Spirit-filled help in marriage looks like God, not like a four-year-old.

God is calling us to be a helper like he is a helper. If God himself is a helper, then we know what he has called us to is something founded in power and strength. A helper who follows God’s pattern of helping pursues her husband, fights spiritual battles in her home, and loves with a strange, but real, formula of boldness and meekness.

1. A Helper Pursues Her Husband

In the complementarian world, husbands are typically the ones encouraged, as leaders, to pursue their wives and bear the primary responsibility to initiate. A wife can (and should) encourage her husband to do these things, but miss out on ways she can pursue him in her helper role.

Over the years in my marriage, I would expect my husband to pursue me and initiate more, but then realize I was also neglecting my role of helper by not pursuing him well. The role of helper can, at times, look like loving pursuit and initiation.

I am better positioned than anyone in the world to draw my husband out, engaging his heart and asking good questions to spark healthy communication.
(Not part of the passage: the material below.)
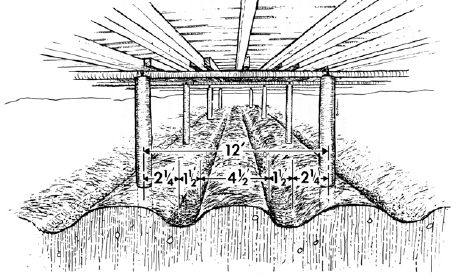 Spacing of beds, drainage trenches, and posts...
I can also proactively encourage him in his role of leadership by asking him to pursue me more in various ways.

I help my husband by pursuing him. And isn’t this how God helps us? He pursues us in love to help us. “The eyes of the Lord run to and fro throughout the whole earth, to give strong support to those whose heart is blameless toward him” (2 Chronicles 16:9). We can fulfill our role of helper in marriage by pursuing our husbands with that kind of compassionate tenacity.

2. A Helper Fights Spiritual Battles

If a helper helps like God, then she will also be a fighter. In Deuteronomy 33:7, Moses blessed the people of Israel before his death and prayed this for the tribe of Judah:

“Hear, O Lord, the voice of Judah, and bring him in to his people. With your hands contend for him, and be a help against his adversaries.”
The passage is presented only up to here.